* _Try it_:
In the entries below, find the line with "Will Today Be a Happy Day" and the line with "Serie Secret Bridesmaids' Business", then retype both and everything between them exactly. Do not copy the pictures.

* _Data extract_:
◆ ◆ ◆ ◆ ◆ ◆ ◆

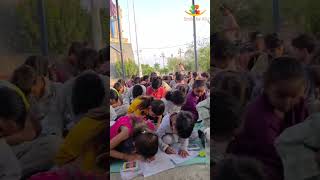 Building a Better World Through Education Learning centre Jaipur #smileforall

◆ ◆ ◆ ◆ ◆ ◆ ◆

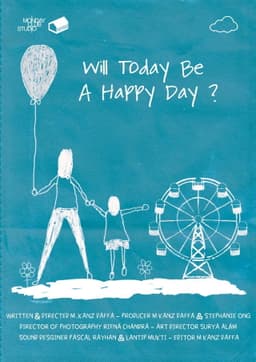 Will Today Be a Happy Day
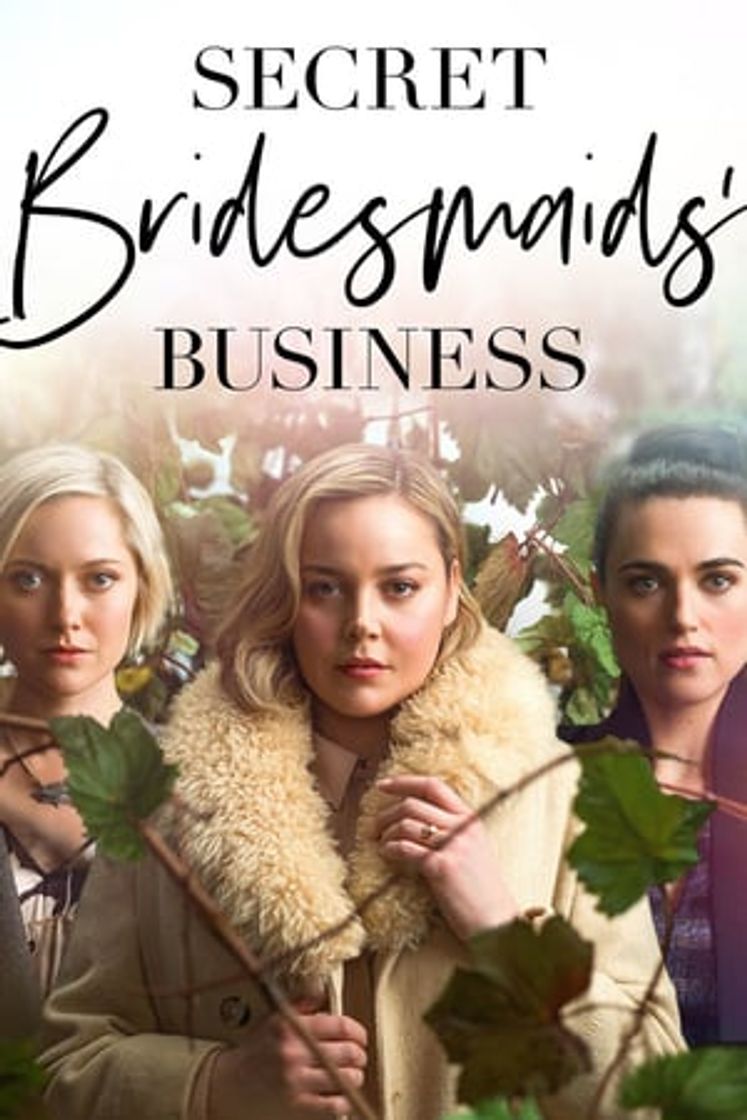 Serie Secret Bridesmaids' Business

◆ ◆ ◆ ◆ ◆ ◆ ◆

* _Exercise result_:
 Will Today Be a Happy Day
 Serie Secret Bridesmaids' Business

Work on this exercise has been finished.